Judge or Learn
- Yusuf Kemal

- Jan 3
- 4 min read
Summary: Never judge, instead, understand and gain information. Then use that information to make the best decision. Judging keeps you busy doing nothing useful while you miss out on critical information right under your nose.
For a moment, close your eyes. Now, imagine a serial killer breaking into a house, and murdering an old lady inside. He then leaves no trace of his crime and climbs down the emergency stairs. As he rushes down, he notices a kid about to drown, and runs to save him from the river.
“Thank you, sir,” the kid cries back as he tries to hug the man—unaware of the murder this man had just committed.
I know it sounds like an extreme story, but it illustrates a powerful point. Judging is all relative. To the boy, the man is a hero. To the old lady, he’s a killer. So who are we to judge? Just as one man’s trash is another’s treasure; one person’s killer is another person’s savior.
And this nicely leads us to another important point we often ignore. Who are we to judge? Who’s to say your standard is perfectly—or even fairly—calibrated? Good and evil are all relative. To a saint, a law-abiding stripper at a nightclub is evil; but to a serial killer, that same lawful stripper is deemed ‘good.’ Again, who is to say who is good and who is evil? It all depends on the starting point of the observer and the standard at which their values are calibrated.
Whenever someone does us harm, we are always given two choices: Judge or Learn.
Judging is easy; it takes no accountability, no effort, no understanding. And in the 21st century, we have successfully become professors in judging, yet kindergartners in learning. We’ve normalised dismissing another person as ‘horrible’ just because they don’t share our opinion. We judge others based on what we think is happening, only to then turn into avid collectors of resentment toward their behaviour. Yet, we rarely ask the questions that would open our minds to the truth: Where does that lead us? How does that help? And what does it solve?
But there’s an alternative perspective; a new path for us to tread—only if we’re willing to. If we choose this path of learning, we can begin to look at any situation with new eyes, transforming how we perceive, interpret, and respond to situations.

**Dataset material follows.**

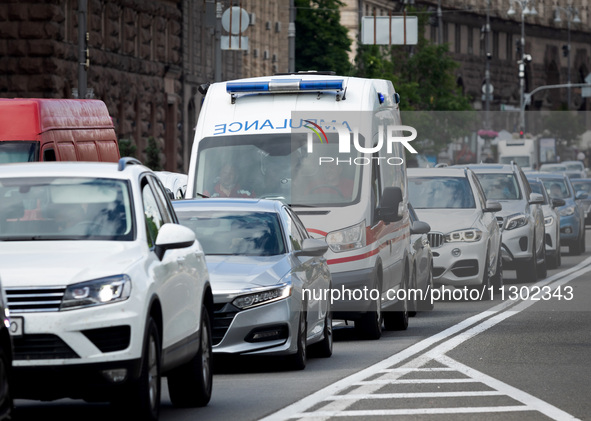 An ambulance is struggling through the traffic in the street of Kyiv, capital of Ukraine, in Kyiv, Ukraine, on June 3, 2024. NO USE RUSSIA....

Appearances can often be deceiving in life. Nothing is truly as it initially seems. Instead of seeing a certain person as ‘horrible’, we may choose to look for the hidden meaning behind their behaviour. We may ask “What does this person’s actions tell me about them? What information can I glean about their current or past emotional states simply from observing their behaviour without judgement?”
Because if we choose to judge them, what do we actually learn? What do we gain?
NOTHING.
But if we override our impulse to judge and instead see the behaviour we’re observing as information, we allow ourselves the chance to use that information to make better, wiser decisions. The problem with judging is that it keeps us busy doing absolutely nothing, all while we miss out on critical information right in front of us—information that could tip the scales in our favour, and vastly transform the outcome.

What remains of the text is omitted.